The Cambridge University study, published this month in the journal Criminal Justice and Behavior, found that complaints against police officers filed by citizens decreased substantially after officers began wearing the monitoring devices.
The study followed seven police departments across the U.S. and the U.K., and tracked the number of complaints filed against the roughly 2,000 officers in the year before they began wearing body cameras, then compared that number to the complaints filed in the year after.
In all, complaints dropped from 1,539 in the year before to just 113 for all seven departments in the year after ― a dramatic reduction of 93 percent.
Of the seven departments studied, one saw a 100 percent decrease in the number of complaints filed. The other six departments saw drops of 98 percent, 94 percent, 94 percent, 88 percent, 88 percent and 44 percent.
“I cannot think of any [other] single intervention in the history of policing that dramatically changed the way that officers behave, the way that suspects behave, and the way they interact with each other,” lead author Dr. Barak Ariel told the BBC, reacting to the findings.

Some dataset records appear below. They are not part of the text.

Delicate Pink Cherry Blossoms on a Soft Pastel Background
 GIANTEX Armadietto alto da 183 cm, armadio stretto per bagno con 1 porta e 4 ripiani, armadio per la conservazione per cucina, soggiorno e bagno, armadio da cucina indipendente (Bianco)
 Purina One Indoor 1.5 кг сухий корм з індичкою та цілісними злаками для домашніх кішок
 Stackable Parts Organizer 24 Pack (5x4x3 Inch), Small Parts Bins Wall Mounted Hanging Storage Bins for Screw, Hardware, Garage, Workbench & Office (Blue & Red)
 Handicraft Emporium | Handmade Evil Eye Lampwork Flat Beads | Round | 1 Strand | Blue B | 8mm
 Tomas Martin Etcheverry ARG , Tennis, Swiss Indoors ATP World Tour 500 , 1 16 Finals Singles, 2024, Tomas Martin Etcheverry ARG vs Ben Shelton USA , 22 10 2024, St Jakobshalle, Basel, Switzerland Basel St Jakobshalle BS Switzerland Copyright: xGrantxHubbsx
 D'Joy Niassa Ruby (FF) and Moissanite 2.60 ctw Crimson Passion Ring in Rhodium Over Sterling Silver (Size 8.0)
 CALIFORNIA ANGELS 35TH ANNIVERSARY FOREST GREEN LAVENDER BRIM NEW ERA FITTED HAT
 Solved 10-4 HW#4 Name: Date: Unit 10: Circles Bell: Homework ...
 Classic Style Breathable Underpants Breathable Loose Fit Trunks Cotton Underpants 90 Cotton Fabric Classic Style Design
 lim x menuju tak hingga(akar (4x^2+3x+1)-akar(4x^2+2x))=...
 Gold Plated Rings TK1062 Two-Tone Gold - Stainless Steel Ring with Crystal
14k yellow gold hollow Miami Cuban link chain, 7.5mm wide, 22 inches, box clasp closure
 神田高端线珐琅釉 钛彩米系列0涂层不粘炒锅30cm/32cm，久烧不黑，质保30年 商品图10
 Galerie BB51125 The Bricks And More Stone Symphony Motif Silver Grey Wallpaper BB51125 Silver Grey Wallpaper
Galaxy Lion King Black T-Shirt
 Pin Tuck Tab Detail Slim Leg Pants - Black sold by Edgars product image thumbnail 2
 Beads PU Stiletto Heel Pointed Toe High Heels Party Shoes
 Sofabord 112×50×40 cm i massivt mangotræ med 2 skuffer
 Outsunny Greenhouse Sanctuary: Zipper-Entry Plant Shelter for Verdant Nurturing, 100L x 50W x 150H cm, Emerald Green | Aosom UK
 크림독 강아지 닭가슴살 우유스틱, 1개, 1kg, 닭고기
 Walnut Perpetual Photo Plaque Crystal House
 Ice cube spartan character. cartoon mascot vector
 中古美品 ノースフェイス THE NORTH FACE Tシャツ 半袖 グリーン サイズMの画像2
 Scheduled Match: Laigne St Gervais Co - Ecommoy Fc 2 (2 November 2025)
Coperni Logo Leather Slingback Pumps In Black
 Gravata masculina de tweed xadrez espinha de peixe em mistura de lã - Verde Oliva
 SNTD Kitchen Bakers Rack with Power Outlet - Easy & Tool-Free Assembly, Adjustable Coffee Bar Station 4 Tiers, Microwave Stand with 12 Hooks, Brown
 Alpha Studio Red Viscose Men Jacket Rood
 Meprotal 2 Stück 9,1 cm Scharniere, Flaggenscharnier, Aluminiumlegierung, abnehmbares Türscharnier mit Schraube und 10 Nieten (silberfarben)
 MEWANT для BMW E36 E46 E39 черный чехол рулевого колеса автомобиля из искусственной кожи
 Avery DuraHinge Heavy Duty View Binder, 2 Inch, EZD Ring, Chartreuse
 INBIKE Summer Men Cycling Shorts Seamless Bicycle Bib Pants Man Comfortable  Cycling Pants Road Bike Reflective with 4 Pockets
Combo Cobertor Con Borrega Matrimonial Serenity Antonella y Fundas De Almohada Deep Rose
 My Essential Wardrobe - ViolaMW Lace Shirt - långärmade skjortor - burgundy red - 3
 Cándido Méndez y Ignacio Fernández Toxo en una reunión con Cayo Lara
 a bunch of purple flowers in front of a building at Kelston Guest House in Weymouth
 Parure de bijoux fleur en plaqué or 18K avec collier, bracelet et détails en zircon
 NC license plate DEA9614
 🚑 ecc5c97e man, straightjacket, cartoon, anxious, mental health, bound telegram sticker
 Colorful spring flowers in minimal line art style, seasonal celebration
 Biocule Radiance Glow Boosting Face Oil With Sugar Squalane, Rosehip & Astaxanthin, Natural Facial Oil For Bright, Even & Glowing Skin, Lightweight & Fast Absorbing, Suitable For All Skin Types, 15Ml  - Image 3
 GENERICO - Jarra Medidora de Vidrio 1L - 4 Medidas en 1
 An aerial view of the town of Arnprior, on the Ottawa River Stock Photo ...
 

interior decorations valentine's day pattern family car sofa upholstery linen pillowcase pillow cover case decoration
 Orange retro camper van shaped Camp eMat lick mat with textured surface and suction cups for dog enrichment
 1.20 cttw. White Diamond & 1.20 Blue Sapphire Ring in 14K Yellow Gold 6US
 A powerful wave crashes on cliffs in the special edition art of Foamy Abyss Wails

I cannot think of any [other] single intervention in the history of policing that dramatically changed the way that officers behave, the way that suspects behave, and the way they interact with each other.
While the authors concede body cameras may not do much to improve the public perception of police legitimacy, which is a more “deeply rooted issue,” the devices do increase accountability for all parties involved ― including other officers who don’t even wear cameras.
The researchers recorded a decrease in complaints filed against officers who worked in the same departments, but did not wear a body camera, a phenomenon the authors label “contagious accountability.”
“Everyone was affected by it,” the study found, “even when the cameras were not in use, and collectively everyone in the department(s) attracted fewer complaints.”
In addition to the accountability created by recording each incident, the researchers argue that all parties benefit when officers initiate each interaction by noting they are wearing a body camera. Simply acknowledging the device has a deterrent effect.
The camera’s presence “should be announced as soon as possible when engaging with members of the public,” the authors write. “It primed both parties that a civilized manner was required and served as a nudge to enhance the participants’ awareness of being observed.”